The state of AI governance

Most 'AI governance' today is a slide deck and a steering committee. The frameworks are real (NIST AI RMF, ISO/IEC 42001, EU AI Act), but the gap between a framework and a governed system is enormous, and most enterprises are sitting in that gap, not crossing it.

The questions below are what I actually ask when reviewing an AI feature, derived from the NIST AI Risk Management Framework Core (Govern, Map, Measure, Manage) but written for engineers and product people. Each one has a 'good answer' and a 'red flag answer.' If you cannot answer any of them, you do not have a governed system. You have a project.

The questions

1. What decision does this model make, and who can override it?

Good answer: 'The model assigns a fraud risk score from 0 to 100. Scores above 80 freeze the transaction and route to a human analyst, who can release or escalate. The analyst decision is logged with the model score and feature contributions.'

Red flag: 'The model helps the team make better decisions.' This is not a governed system. It is a tool with no accountability boundary. If something goes wrong, you cannot tell whether the model caused it or the human did.

2. What is the input distribution at training versus at inference?

Good answer: 'Trained on transactions from 2022 to 2024 across our top five markets. We monitor inference inputs daily for drift on the top twenty features against the training distribution. Alerts fire when drift exceeds two standard deviations on any monitored feature, with a runbook for retrain or rollback.'

Red flag: 'We retrained recently.' Recent training does not mean the distribution matches. Markets shift, fraud patterns evolve, customer behavior changes after a product launch. If you are not watching drift, the model is silently degrading.

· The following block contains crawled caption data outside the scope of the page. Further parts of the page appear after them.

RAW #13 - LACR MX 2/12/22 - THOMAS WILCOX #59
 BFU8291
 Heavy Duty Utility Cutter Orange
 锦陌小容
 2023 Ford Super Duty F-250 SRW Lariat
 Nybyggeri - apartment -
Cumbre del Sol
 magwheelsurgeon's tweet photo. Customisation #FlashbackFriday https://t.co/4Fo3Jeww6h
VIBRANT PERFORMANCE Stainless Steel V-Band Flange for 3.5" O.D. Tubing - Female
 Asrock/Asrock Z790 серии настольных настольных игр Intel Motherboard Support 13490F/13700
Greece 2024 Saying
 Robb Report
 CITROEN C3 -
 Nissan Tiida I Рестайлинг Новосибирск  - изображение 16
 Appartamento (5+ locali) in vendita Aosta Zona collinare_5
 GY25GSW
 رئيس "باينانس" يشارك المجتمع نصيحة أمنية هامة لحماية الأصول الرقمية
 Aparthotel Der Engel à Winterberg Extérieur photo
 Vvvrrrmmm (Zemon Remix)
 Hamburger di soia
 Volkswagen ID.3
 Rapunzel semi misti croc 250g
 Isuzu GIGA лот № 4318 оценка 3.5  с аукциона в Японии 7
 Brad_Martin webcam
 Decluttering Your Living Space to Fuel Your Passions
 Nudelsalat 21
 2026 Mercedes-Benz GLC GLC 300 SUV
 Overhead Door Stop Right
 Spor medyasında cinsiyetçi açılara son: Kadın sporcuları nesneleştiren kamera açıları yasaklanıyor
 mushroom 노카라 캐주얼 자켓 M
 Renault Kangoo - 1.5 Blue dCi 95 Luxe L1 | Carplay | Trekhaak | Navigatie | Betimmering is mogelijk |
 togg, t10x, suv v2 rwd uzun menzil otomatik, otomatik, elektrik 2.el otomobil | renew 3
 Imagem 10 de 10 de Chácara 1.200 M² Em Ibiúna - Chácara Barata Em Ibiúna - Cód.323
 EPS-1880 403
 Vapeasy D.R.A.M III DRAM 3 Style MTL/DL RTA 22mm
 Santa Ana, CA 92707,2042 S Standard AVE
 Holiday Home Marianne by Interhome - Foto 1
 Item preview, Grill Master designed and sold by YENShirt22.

3. What is the monitored failure mode, and who gets the page?

Good answer: 'We track precision, recall, and downstream business impact (false-positive customer complaints, false-negative loss). PagerDuty fires when precision drops below 0.85 on a 24-hour window. The on-call rotation owns initial response; the model owner owns the postmortem.'

Red flag: 'We have a dashboard.' Dashboards do not wake people up. If no human is being notified when the model misbehaves, the model is unsupervised.

4. What is the documented procedure for a model recall?

Good answer: 'We can roll back to the previous model version in under fifteen minutes via the feature-flag system. The communications template for affected customers is in the incident runbook. The postmortem template captures root cause, customer impact, and the framework control affected (for example NIST AI RMF Manage 4.1).'

Red flag: 'We would just redeploy.' Recall is not redeployment. It includes customer communication, regulatory notification if applicable, retraining or replacement, and a postmortem. If you do not have a procedure, the first recall will be improvised at the worst possible moment.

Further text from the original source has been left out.